In re Williams
No. 15-0581
Case Summary written by Kayla Hackerott, Staff Member.
In In re Woodfill, No. 14-0667, 2015 WL 4498229, at *7 (Tex. 2015) (per curiam), this Court directed the Houston City Council to “comply with its ministerial duties and either repeal” the City of Houston’s Equal Rights Ordinance or “submit it to popular vote” after residents of the City of Houston filed a referendum petition challenging the ordinance. The Houston City Council ordered the ordinance be submitted to voters in the November 2015 election, but worded the issue as a vote on its repeal. The relators—two signers of the petition—argued that the City Charter requires an affirmative vote on the ordinance itself, not a vote on its repeal. The City challenged the Court’s jurisdiction to grant mandamus relief.
The Court held § 273.061 of the Texas Election Code grants jurisdiction to the Court to “issue a writ of mandamus to compel the performance of any duty imposed by law in connection with the holding of an election.” The imminence of the election allowed this case within the narrow class of cases that did not need to first seek mandamus in the court of appeals, nor was additional briefing on the merits necessary.

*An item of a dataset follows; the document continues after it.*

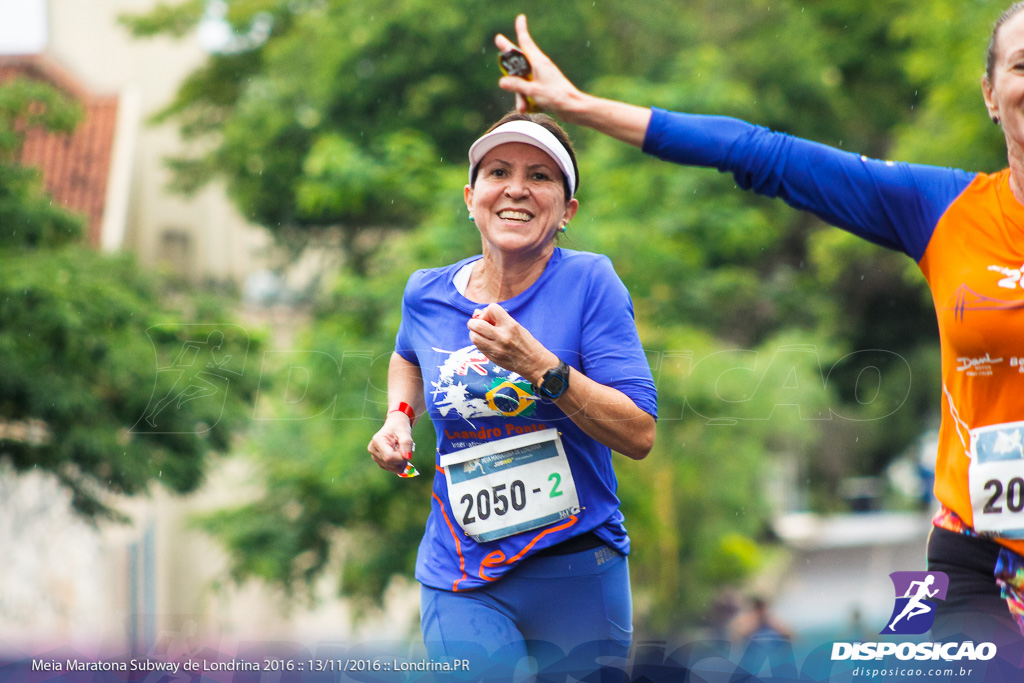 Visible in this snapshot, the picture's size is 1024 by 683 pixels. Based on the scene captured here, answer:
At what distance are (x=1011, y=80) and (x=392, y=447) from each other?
63.8 inches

Mandamus may issue to require public officials to execute ministerial acts to correct abuse of discretion of a public official. Anderson v. City of Seven Points, 806 S.W.2d 71, 793 (Tex. 1991). While cities have broad discretion in the wording of positions on a ballot, state and local laws can limit the discretion. Dacus v. Parker, No. 13-0047, 2015 WL 3653295, at *4 (Tex. 2015). The Court found § 5 of the Houston Charter “requires the vote to be on the ordinance itself rather than its repeal.” The Court held that because the Charter requires City Council to submit the ordinance, not its repeal, to a vote, and gives City Council no discretion not to, this was a ministerial duty. Thus, the Court granted mandamus relief.